Malcolm GladwellIt’s not as odd as it sounds, but innovations in spaghetti sauce (and Pepsi, and mustard) might hold clues as to how Glow, the Curriculum for Excellence and other ‘national’ initiatives can prove successful on the most niche of local levels.

At Learning and Teaching Scotland I’ve been leading some monthly Inspiration Sessions, today being the second one. Last month’s debates were based on Sir Ken Robinson’s Do Schools Kill Creativity?, and from it came some key points for development in the way staff might approach certain challenges. More on those later, I hope, but for the first session we kept the results on our staff forum to see what would happen. 10 times the number of views than normal is what happened; people have seen where they can move things forward for themselves. You can see some of the links we discussed on delicious.

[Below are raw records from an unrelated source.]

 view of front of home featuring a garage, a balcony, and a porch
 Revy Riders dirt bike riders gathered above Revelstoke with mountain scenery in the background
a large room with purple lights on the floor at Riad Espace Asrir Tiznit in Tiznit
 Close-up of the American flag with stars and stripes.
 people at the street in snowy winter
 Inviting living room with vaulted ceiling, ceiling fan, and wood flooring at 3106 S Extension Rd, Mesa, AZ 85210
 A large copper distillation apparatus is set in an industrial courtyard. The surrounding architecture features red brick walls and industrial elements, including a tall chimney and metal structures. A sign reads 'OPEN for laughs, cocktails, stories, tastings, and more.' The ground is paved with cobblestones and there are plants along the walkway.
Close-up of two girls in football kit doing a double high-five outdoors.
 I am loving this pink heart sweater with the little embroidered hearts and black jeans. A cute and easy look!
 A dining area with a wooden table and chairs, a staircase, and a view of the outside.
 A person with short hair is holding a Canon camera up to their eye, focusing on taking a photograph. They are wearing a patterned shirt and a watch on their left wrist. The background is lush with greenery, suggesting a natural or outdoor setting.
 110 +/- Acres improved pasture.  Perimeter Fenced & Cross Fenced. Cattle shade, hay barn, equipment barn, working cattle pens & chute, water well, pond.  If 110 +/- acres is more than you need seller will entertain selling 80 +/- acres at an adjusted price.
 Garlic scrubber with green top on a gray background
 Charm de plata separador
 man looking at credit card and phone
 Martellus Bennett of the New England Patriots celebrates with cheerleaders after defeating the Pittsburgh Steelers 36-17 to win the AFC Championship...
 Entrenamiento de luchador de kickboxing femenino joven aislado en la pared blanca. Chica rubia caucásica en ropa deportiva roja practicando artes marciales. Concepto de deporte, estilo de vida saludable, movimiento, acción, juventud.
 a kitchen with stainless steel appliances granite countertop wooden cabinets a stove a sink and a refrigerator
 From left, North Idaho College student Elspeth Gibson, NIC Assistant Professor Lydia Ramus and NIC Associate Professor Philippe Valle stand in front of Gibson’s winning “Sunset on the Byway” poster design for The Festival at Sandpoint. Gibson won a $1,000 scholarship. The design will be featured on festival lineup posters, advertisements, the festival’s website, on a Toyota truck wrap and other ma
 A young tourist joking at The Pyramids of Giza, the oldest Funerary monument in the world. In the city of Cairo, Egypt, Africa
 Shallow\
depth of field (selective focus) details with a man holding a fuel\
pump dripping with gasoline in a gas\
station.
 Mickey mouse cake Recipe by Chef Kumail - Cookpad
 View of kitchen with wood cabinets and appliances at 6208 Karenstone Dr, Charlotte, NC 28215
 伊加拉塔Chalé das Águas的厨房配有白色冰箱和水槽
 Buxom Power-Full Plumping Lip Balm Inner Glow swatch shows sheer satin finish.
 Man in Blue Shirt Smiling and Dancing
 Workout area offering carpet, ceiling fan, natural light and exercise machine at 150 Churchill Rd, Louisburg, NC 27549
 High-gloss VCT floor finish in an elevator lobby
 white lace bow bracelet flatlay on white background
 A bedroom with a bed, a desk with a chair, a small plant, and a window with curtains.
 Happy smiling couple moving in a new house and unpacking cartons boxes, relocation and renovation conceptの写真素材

This month, I was curious to see how the niche would be catered for in Glow and the Curriculum for Excellence, especially having recently presented a fair bit on how the social web has capitalised on small passionate communities. The basis was Gladwell’s talk on how marketers in the past forty years have discovered the niche’s power, in much the same way as Chris Anderson’s The Long Tail describes. As some of my colleagues noted, most of the ‘big deals’ in Scottish education these past few years have been “national initiatives” or “national programmes”, leaving LTS and Local Authority staff to impress the importance of local contexts and connections. It’s what Gladwell calls the “platonic dish” approach to policy: this is the right way to do it, there is no other, versus a more user-centred approach, where we empower the user to do what they want, versus an “ask the user what they want” approach, with the complication that the user doesn’t always know what they want. Gladwell puts all these three arguments forward and leaves you buzzing, recognising elements of each in every project you’ve ever done, and not entirely sure where you want to go next.

View a high quality version of the Malcolm Gladwell talk here.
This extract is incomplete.